On 6 March 2023, we resolved a previously self-disclosed investigation by the SEC into certain contractual payments totalling US$10.5 million made to a consultant who had provided advisory services in 2011, relating to the Simandou project in the Republic of Guinea. Without admitting to or denying the SEC’s findings, Rio Tinto paid US$15 million civil penalty for violations of the books and records and internal controls provisions of the Foreign Corrupt Practices Act.
No provision has been recognised for other related investigations.
At 30 June 2023, the outcome of these matters remains uncertain, but they could ultimately result in a material financial impact. We believe these cases are unwarranted and will defend against the allegations vigorously. A dedicated Board committee continues to monitor the progress of these matters.
11. Commitments and contingencies (continued)
Other contingent liabilities
We are modernising agreements with Traditional Owner groups in response to the Juukan Gorge incident. We have created provisions, within “Other provisions”, based on our best estimate of historical claims; however, the process is incomplete and it is possible that further claims could arise relating to past events.

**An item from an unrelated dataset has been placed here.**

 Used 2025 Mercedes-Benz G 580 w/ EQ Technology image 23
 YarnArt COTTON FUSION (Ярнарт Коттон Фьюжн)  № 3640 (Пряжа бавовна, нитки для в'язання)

Close-down and restoration provisions are not recognised for those operations that have no known restrictions on their lives as the date of closure cannot be reliably estimated. This applies primarily to our Canadian aluminium smelters, which are not dependent upon a specific orebody and have access to indefinite-lived power from owned hydro-power stations with water rights permitted by local governments. In these instances, a closure obligation may exist at the reporting date; however, due to the indefinite nature of asset lives it is not possible to arrive at a sufficiently reliable estimate for the purposes of recognising a provision. Close-down and restoration provisions are recognised at these operations for separately identifiable closure activities which can be reasonably estimated, such as the demolition and removal of fixed structures after a pre-determined period. Any contingent liability for these assets will crystallise into a closure provision if and when a decision is taken to cease operations.
Capital commitments at 30 June 2023
Capital commitments, excluding the Group's share of joint venture capital commitments, were US$3,743 million (31 December 2022: US$3,354 million). Our capital commitments include open purchase orders for managed operations and expenditure on major projects already authorised by our Investment Committee for non-managed operations. They do not include the estimated incremental capital expenditure relating to decarbonisation projects of US$7.5 billion between 2022 and 2030 unless otherwise contractually committed. On a legally enforceable basis, capital commitments would be approximately US$1.3 billion (31 December 2022: US$1.0 billion) as many of the contracts relating to the Group’s projects have various cancellation clauses.
The Group's share of joint venture capital commitments was US$13 million at 30 June 2023 (31 December 2022: US$15 million).